Lately I’ve been thinking about Yugoslavia…and missed opportunities. If you’re wondering why this post features a picture of Venice (which was never, of course, in Yugoslavia), that’s part of the story, too.
Sometime around 1991-92, my grandmother decided she wanted to take the family on a vacation, and – since she was nearing the end of her traveling days – she wanted to go somewhere she’d never been before. This was a bit of a challenge, as she had already been around the world a few times. She settled on a cruise in the Mediterranean and the Black Sea: Venice, Greece, Istanbul, Odessa. The ship would also stop along the coast of Yugoslavia for a visit to Sarajevo.
But trouble was brewing in Yugoslavia. Croatia and Slovenia declared their independence in June 1991. Bosnia-Herzegovina made its move for independence in the spring of 1992. In short order, a bloody war was raging, one that would be marked by genocide and other unspeakable atrocities. By the summer of 1992, Sarajevo was under siege (and would remain so for almost 4 years).
Sometime before our August 1992 departure, we received a perfunctory notice from the cruise line that Sarajevo had been removed from the itinerary.
Even without Sarajevo, it was really quite an extraordinary list of destinations for a 13-year-old (me) on her first trip to Europe. Starting with Venice, the entire trip made a lasting impression on me. But over the next four years, as we watched news accounts of Yugoslavia being torn apart and reduced to rubble, we couldn’t help but think how close we had come to seeing it, before everything fell apart.
Humans’ capacity for destruction is, fortunately, matched by our capacity for rebuilding. In the twenty-plus years since the war ended, the former pieces of Yugoslavia (now Slovenia, Croatia, Bosnia-Herzegovina, Montenegro, Serbia, Macedonia, and sort of Kosovo (it’s still complicated)) have put themselves back together (independently, of course). The cities have been reconstructed and restored. The landscape has regrown. The Rick Steves guidebook for Croatia and Slovenia is already in its 7th edition. Several of the countries are frequently at the top of “must see” destination lists. Croatia’s Dalmatian Coast, in particular, is renowned for being a beautiful and, ironically, peaceful vacation spot.

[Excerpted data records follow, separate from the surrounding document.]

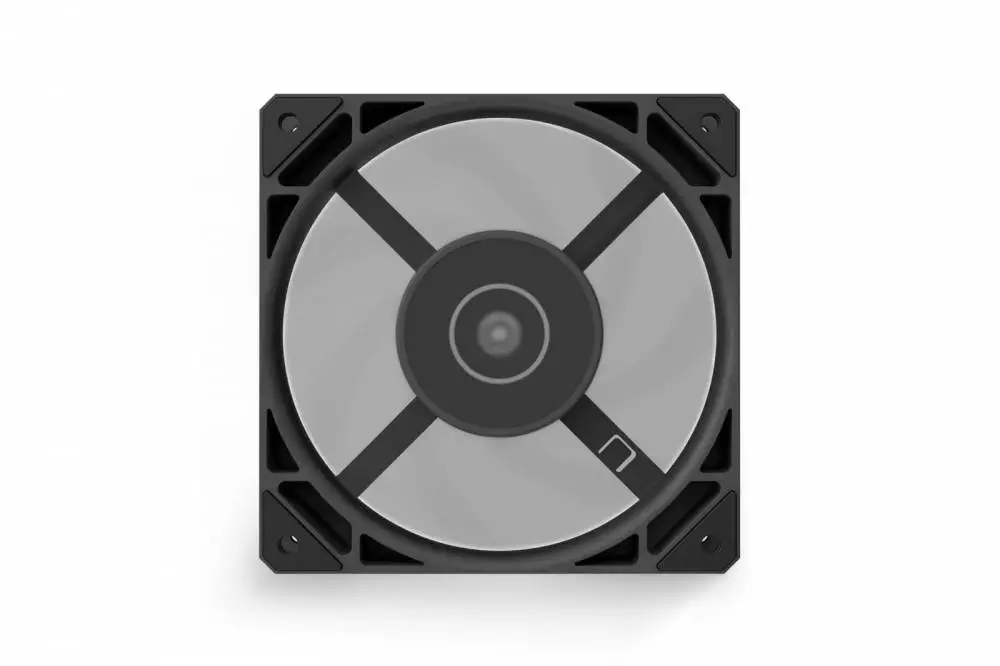 Вентилатор EK-Loop Fan FPT 120 - Black (550-2300rpm)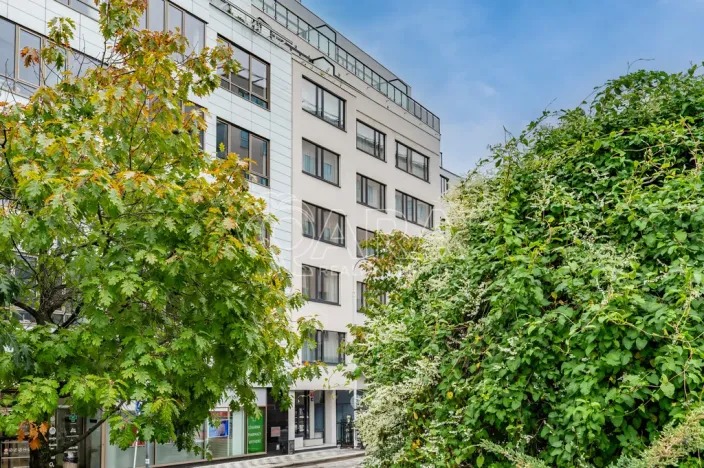 Pronájem bytu 1+kk, Praha, Pobřežní, 35 m2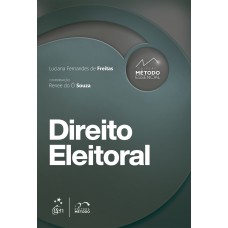 Coleção Método Essencial - Direito Eleitoral - 1ª Edição 2022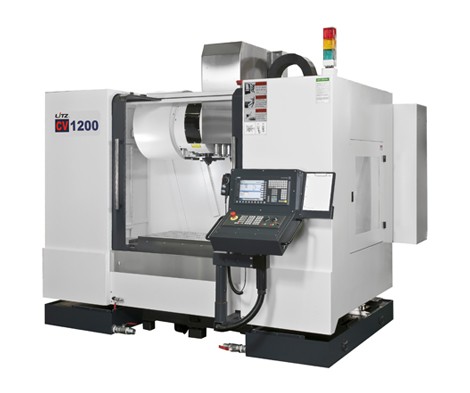 立式綜合加工機(jī) CV-1200B
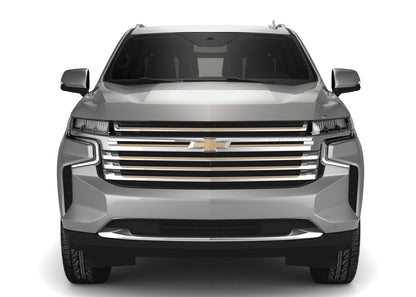 Aeroskin Hood Protector for 2021-2026 Chevrolet Suburban/Tahoe AVS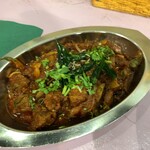 TOKYO BHAVAN - マトンスッカ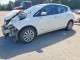 Nissan LEAF 2014 — Copart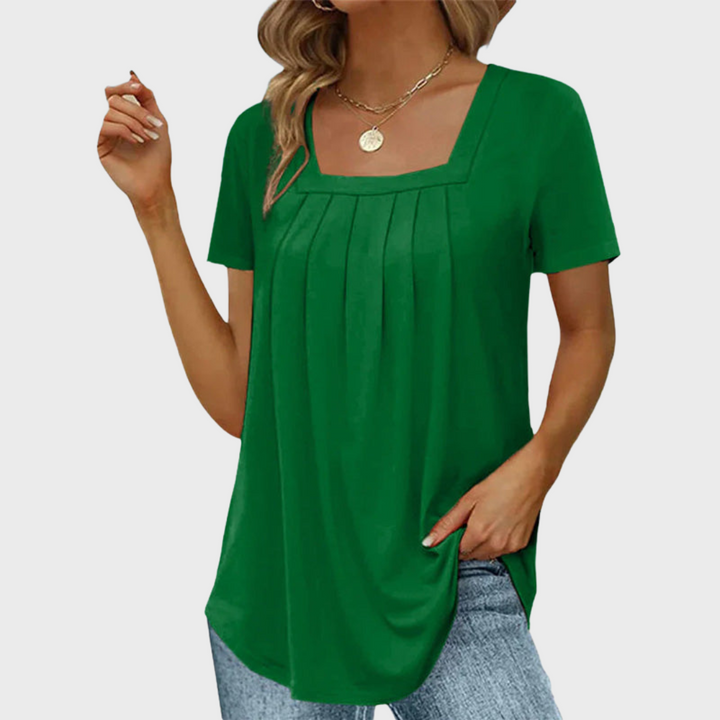 Norma™ | Luchtige Zomerblouse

Not all signs of the war have been erased. The guidebooks warn against walking through fields in certain areas, as land mines may still be present.
What lessons can we take from this long-ago lost port-of-call? Seize the opportunities you’re given to explore the world. And if you miss your chance, hope for peace and give it time. A phoenix rising from the ashes could be the mascot of every corner of the world at one time or another.
I can’t include a picture of Sarajevo with this post because Venice is still the closest I’ve gotten to it. It may be time to make the trip at last.